Merge pull request #78825 from fmcdonal/OSDOCS-9533.1

kcarmichael08 · web-flow · commit 342612c77263 · 2024-08-26T14:52:05.000-04:00
OSDOCS#9533.1: Updates for preflight cluster upgrades for ROSA Classic (peer review completed through PR: #76632)
diff --git a/modules/rosa-deleting-cluster-upgrade-cli.adoc b/modules/rosa-deleting-cluster-upgrade-cli.adoc
@@ -0,0 +1,42 @@
+// Module included in the following assemblies:
+//
+// * upgrading/rosa_upgrading/rosa-upgrading-sts.adoc
+:_mod-docs-content-type: PROCEDURE
+[id="rosa-deleting-cluster-upgrade-cli_{context}"]
+= Deleting a ROSA cluster upgrade with the ROSA CLI
+
+You can use either the ROSA CLI (`rosa`) or {cluster-manager} console to delete a scheduled upgrade.
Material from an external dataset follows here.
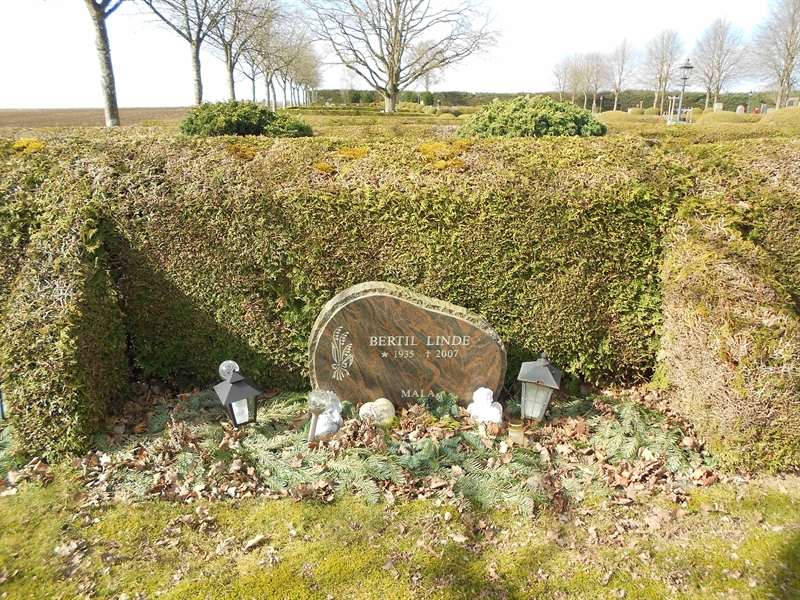 Grave number: V 27   132a, 132b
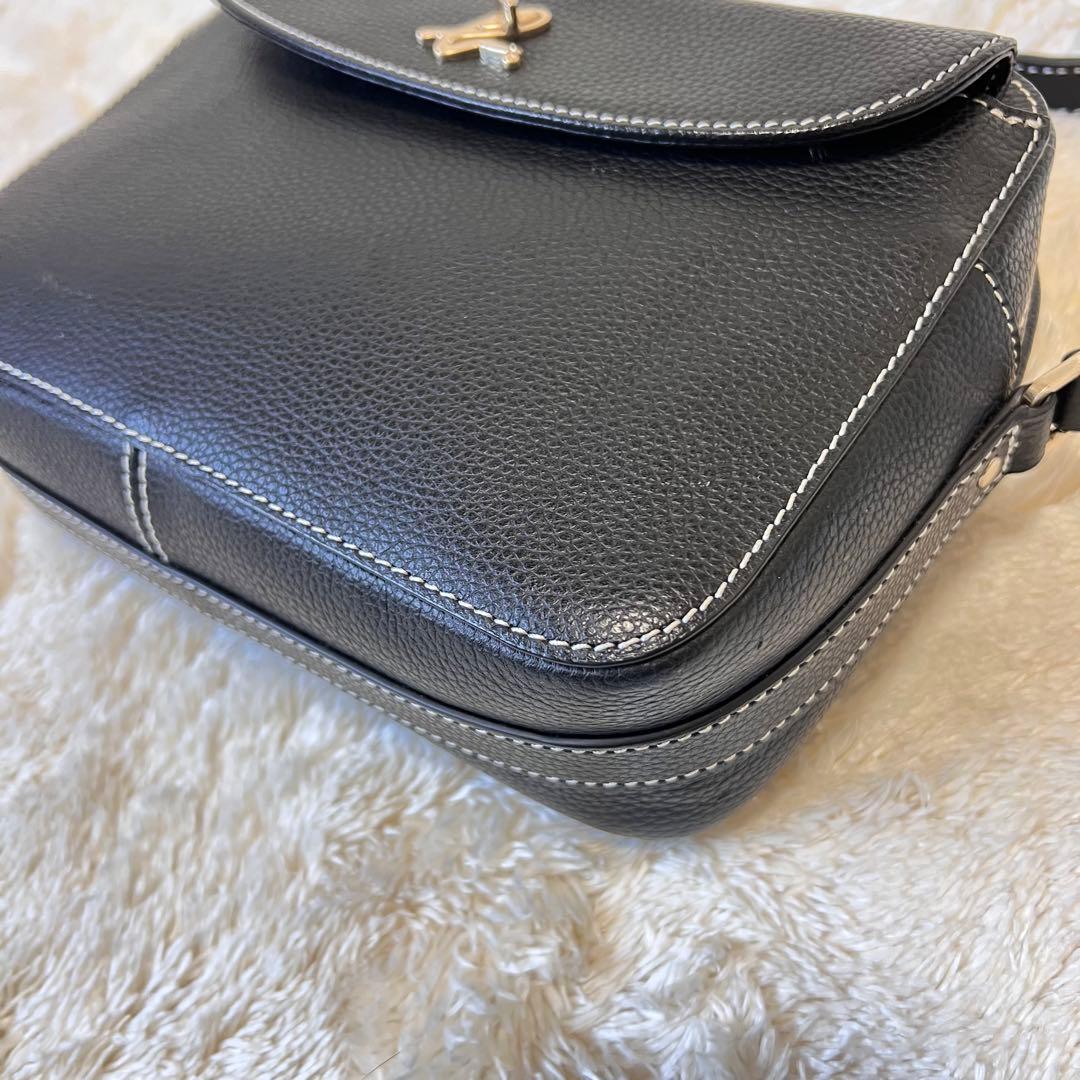 アニエスベー ショルダーバッグ ステッチ レザー ブラック - メルカリ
This procedure uses the ROSA CLI.
+
+.Procedure
+
+. Verify the cluster update has not started using the following command:
++
+[source,terminal]
+----
+$ rosa list upgrades --cluster=<cluster_name|cluster_id>
+----
++
+.Example output
+[source,terminal]
+----
+VERSION  NOTES
+4.15.14  recommended - scheduled for 2024-06-02 15:00 UTC
+4.15.13
+----
+
+. Delete a scheduled update by running the following command:
++
+[source,terminal]
+----
+$ rosa delete upgrade --cluster=<cluster_name|cluster_id>
+----
++
+. Confirm the deletion by entering `Yes` at the confirmation prompt.
++
+.Example output
+[source,terminal]
+----
+I: Successfully canceled scheduled upgrade on cluster 'my-cluster'
+----
+
+You will receive an email notification confirming that the scheduled upgrade has been canceled.
diff --git a/modules/rosa-deleting-cluster-upgrade-ocm.adoc b/modules/rosa-deleting-cluster-upgrade-ocm.adoc
@@ -0,0 +1,18 @@
+// Module included in the following assemblies:
+//
+// * upgrading/rosa_upgrading/rosa-upgrading-sts.adoc
+:_mod-docs-content-type: PROCEDURE
+[id="rosa-deleting-cluster-upgrade-ocm_{context}"]
+= Deleting a ROSA cluster upgrade with the {cluster-manager} console
+
+You can use the {cluster-manager} console to delete a scheduled upgrade.
+
+.Procedure
+
+. Log in to {cluster-manager-url}.
+. Select the cluster with the scheduled upgrade.
+. Click the *Settings* tab.
+. In the *Update status* pane, click *Cancel this update*.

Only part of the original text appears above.